The University of Sussex is reimbursing some of the Graduate Researchers who have been working for the University but receiving no payment.

In January, the Postgraduate Association (PGA) called on the University of Sussex to end what they described as the “exploitation” of the students in the School of Life Sciences.

They found that it is against Research Council guidelines to require students to undertake unpaid teaching as part of their PhD, and The University has now reimbursed many of the affected students.

Students who work directly for the University with no funding from the Research Council are not being reimbursed,

A new contract is being negotiated.

According to the university, the unpaid PhD students were on a Graduate Teaching Assistantship (GTA) contract, “which sets out the teaching commitment in exchange for fees paid and a stipend.”

Annie Macpherson, one of the affected assistant tutors, explained: “we were required to do 50 hours’ teaching a year although they never chased us up if we didn’t do it.” However, some students worked many more hours.

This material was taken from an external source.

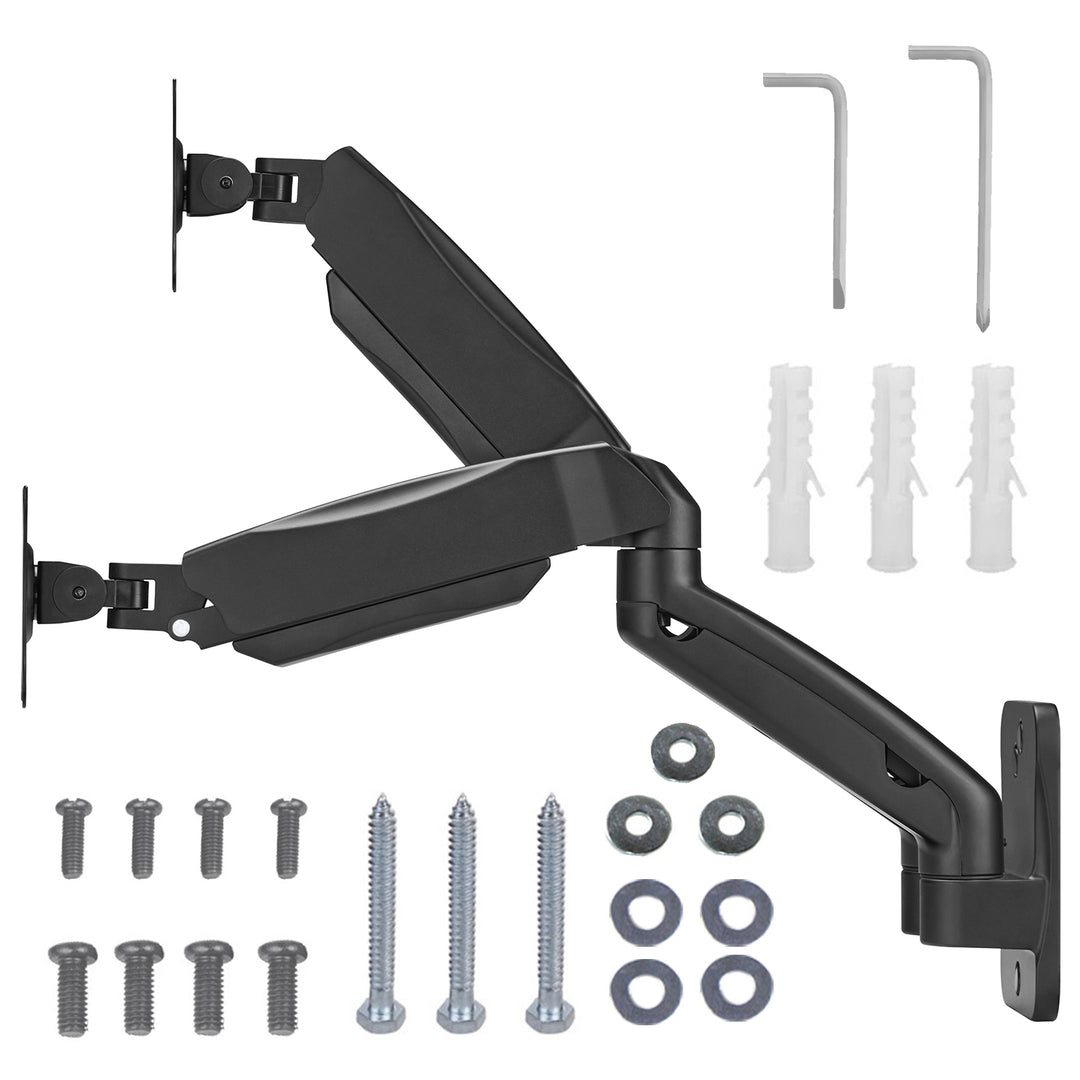 Suporte de parede para monitor duplo Maclean MC-988, ecrãs de 17 a 32 polegadas, suporte duplo, mola mecânica, carga máxima de 9 kg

The Postgraduate Association now estimates that assistant tutors did between 50 and 150 unpaid hours of undergraduate teaching a year.

The University stressed that “this is a legal contractual arrangement and remains so across the sector” and said that “the University has decided not to offer these contracts any more as they guarantee teaching on entry without a quality measure for delivery.”

They have decided to transfer all PhD students on a GTA contract to a grant, “with no requirement of teaching”.

However, the new contracts have not yet been finalised. Negotiations are ongoing with trade unions (especially the University and College Union) and the Postgraduate Association.

The University assured The Badger that “the current zero-hours AT contract” is being replaced and that assistant tutors are now on a “temporary fixed-term contract, advertised to all PhD students, which sets total hours required plus rate for the work – this is an interim measure pending agreement of the new fixed-term contract. No PhD student has a guaranteed right to teaching; competitive and transparent open interviews are used to allocate new contracts linked to quality of delivery for any renewal.”

Rose Taylor, Education Officer, said: “after campaigning by the PGA, they managed to receive reimbursements for any work that any associate tutors undertook unpaid (backdated to January 2014) as long as those students were part or fully funded by the Research Council. However, those who are fully funded by the University have not been reimbursed at all as they are not bound by Research Council guidelines.”

Rose is working alongside associate tutors Annie and Tom to achieve “fairness”. One PhD student who got in touch with Annie claims that the work reimbursed only extends back to the Autumn Term 2014/2015 and that he “undertook a larger quantity of unpaid teaching before this date, this was not reimbursed.”

Assistant tutor Tom said: “when I was offered a PhD, it was not something to refuse and I just assumed teaching would be part of it. I really enjoy the teaching, I always have. Then you start to learn about the inequalities, doing the same as someone else who gets paid for the teaching plus multipliers and you get nothing for it. You end up delving deeper into the situation and realise that the whole scenario has been cynically constructed by management in the grey areas of legality. Then realising they have been rumbled, they try too quietly backpay a handful of lucky PhDs that won the Research Council funding lottery and hope the problem goes away. The whole thing is horribly underhand.”

As part of her campaign, Annie Macpherson has contacted MP Caroline Lucas and written an opinion piece for this newspaper (see page).

The new contracts are due to come out in January 2016 and aim to “standardise the working conditions for assistant tutors as they are really uneven across the schools”.